*TASK PROMPT*: Take the lines from the line containing "#Q8 55 TFSI" through the end of the entries and output them exactly, with no pictures and nothing more.
* * * *
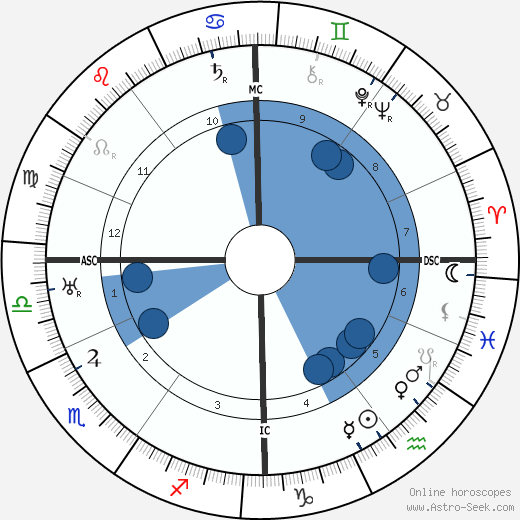 Arthur Rubinstein wikipedia, horoscope, astrology, instagram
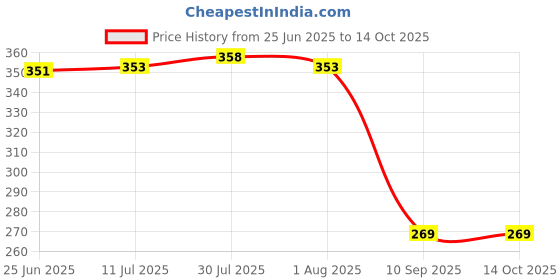 flipkart.com laserbot (Size-19X 12CM)Banana Leaf South Indian starter breakfast Serving Soccer Melamin Tray laserbot Price History Graph from 25 Jun 2025 to 14 Oct 2025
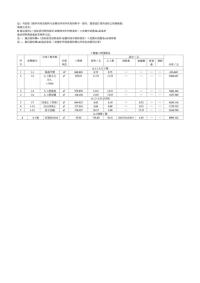 某三层框架结构工程综合实例讲解2工程施工图预算表(含.doc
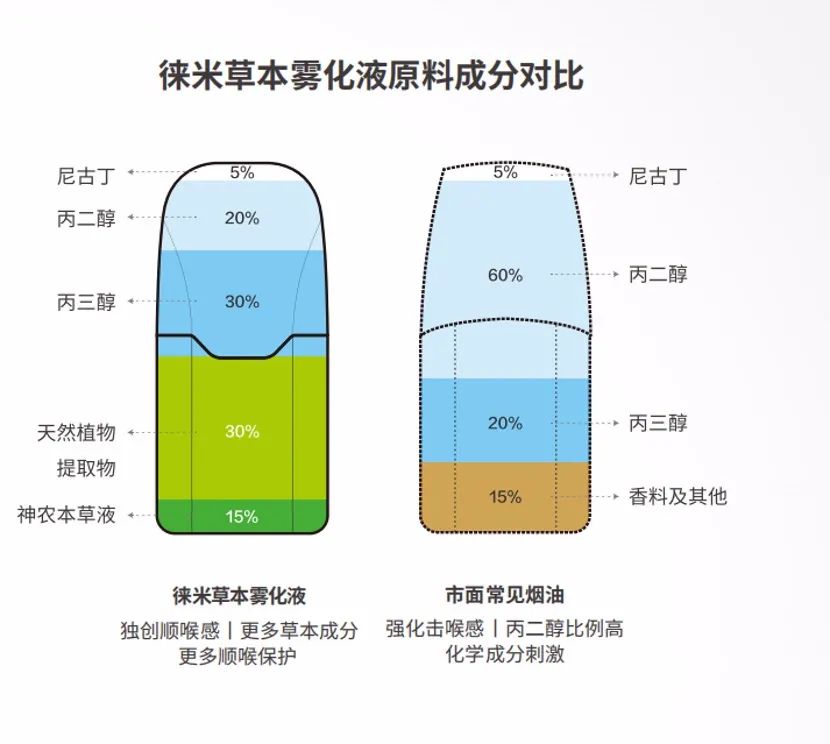 烟器电子作用雾化原理_电子烟雾化器作用_烟雾器电子烟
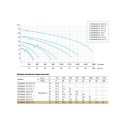 Фекальный насос Unipump FEKAMAX 100-15-7,5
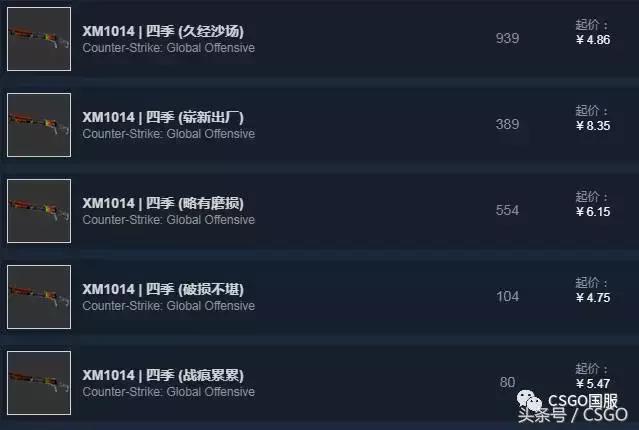 csgo皮肤各种类别，皮肤控第8期CSGO皮肤5元店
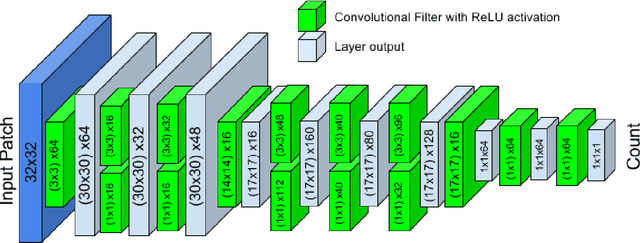 Figure 4 for Count-ception: Counting by Fully Convolutional Redundant Counting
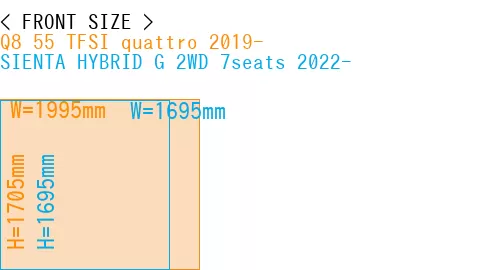 #Q8 55 TFSI quattro 2019- + SIENTA HYBRID G 2WD 7seats 2022-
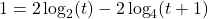 1 = 2 \log_{2}(t) - 2 \log_{4}(t+1)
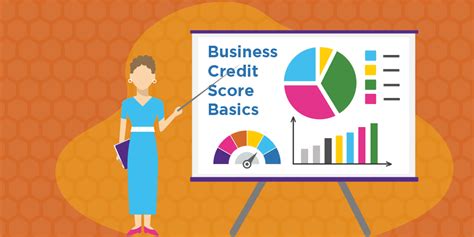 Business Credit Score Basics Revenued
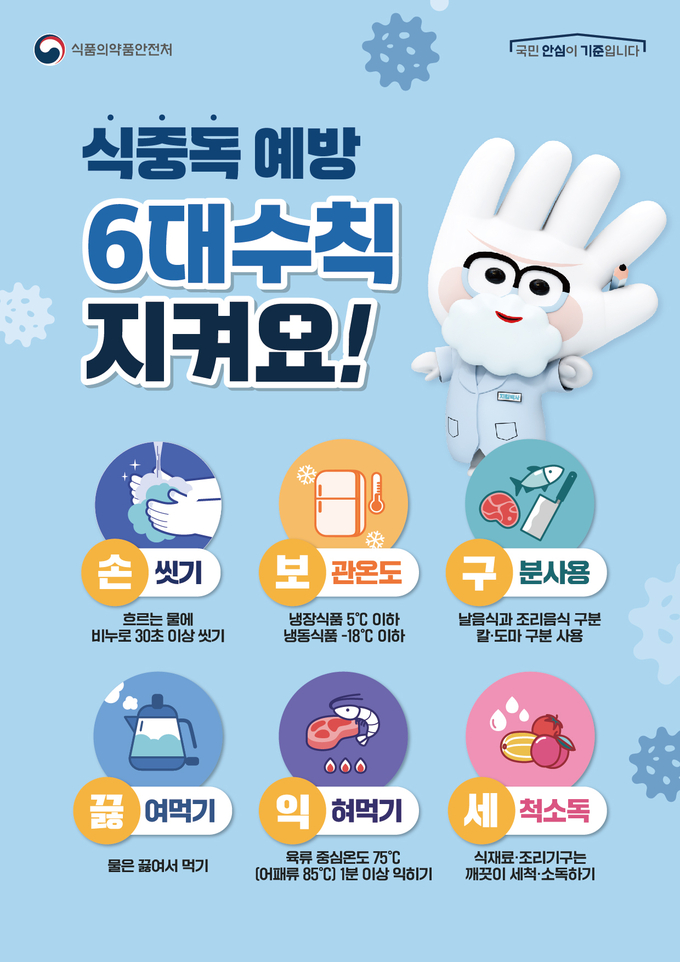 식중독 예방 6대 수칙 (전라남도)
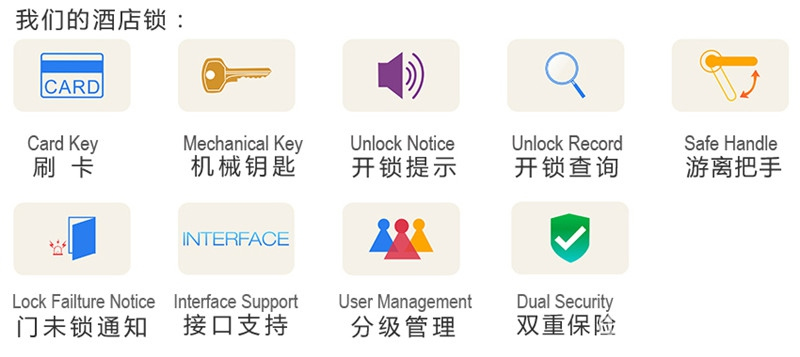 樸盾智能鎖 酒店智能感應(yīng)卡鎖 隱蔽式鎖孔智能鎖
* * * *
*EXPECTED OUTPUT*:
 #Q8 55 TFSI quattro 2019- + SIENTA HYBRID G 2WD 7seats 2022-
 1 = 2 \log_{2}(t) - 2 \log_{4}(t+1)
 Business Credit Score Basics Revenued
 식중독 예방 6대 수칙 (전라남도)
 樸盾智能鎖 酒店智能感應(yīng)卡鎖 隱蔽式鎖孔智能鎖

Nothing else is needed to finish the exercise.